Whenever a line in the records below holds the string "Used", copy it out.

######

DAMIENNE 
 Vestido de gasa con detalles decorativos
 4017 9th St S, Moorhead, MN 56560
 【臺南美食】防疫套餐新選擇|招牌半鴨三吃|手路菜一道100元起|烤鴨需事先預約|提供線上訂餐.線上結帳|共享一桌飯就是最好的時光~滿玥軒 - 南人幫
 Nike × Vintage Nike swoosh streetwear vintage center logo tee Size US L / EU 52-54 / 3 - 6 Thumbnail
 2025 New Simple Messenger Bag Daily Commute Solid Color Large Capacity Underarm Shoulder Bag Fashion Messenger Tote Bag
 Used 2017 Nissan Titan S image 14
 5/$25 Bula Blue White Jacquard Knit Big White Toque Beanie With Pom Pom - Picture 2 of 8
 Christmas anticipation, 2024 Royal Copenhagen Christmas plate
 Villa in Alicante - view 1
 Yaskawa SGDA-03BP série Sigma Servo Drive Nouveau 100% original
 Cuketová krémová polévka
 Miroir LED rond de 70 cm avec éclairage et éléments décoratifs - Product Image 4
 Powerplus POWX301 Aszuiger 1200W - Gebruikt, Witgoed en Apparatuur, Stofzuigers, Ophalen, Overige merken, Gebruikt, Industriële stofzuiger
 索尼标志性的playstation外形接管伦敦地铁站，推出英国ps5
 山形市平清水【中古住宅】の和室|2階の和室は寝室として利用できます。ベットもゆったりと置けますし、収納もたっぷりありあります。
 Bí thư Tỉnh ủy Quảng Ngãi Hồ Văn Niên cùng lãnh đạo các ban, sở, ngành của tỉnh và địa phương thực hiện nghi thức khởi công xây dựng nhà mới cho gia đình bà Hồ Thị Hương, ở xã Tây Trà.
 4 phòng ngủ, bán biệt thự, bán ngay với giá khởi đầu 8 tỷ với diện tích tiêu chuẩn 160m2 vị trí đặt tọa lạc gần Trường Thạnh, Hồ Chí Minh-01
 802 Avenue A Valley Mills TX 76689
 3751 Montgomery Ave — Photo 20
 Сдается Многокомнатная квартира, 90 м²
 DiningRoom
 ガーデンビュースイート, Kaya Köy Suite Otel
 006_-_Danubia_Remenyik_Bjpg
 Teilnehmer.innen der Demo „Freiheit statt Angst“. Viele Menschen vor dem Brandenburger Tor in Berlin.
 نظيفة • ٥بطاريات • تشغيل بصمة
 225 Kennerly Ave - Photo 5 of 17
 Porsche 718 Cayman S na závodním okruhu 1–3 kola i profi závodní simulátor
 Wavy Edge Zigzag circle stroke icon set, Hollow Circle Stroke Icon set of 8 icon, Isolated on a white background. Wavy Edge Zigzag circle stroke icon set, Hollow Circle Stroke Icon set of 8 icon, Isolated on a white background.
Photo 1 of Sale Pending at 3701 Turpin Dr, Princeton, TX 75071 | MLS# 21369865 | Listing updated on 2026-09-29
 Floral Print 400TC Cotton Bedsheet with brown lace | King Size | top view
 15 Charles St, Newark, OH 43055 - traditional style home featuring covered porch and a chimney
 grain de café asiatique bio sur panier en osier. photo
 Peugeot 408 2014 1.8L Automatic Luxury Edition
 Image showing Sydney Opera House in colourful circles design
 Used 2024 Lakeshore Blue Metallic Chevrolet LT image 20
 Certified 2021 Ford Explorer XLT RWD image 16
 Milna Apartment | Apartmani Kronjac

######

--- EXERCISE ANSWER ---
 Used 2017 Nissan Titan S image 14
 Used 2024 Lakeshore Blue Metallic Chevrolet LT image 20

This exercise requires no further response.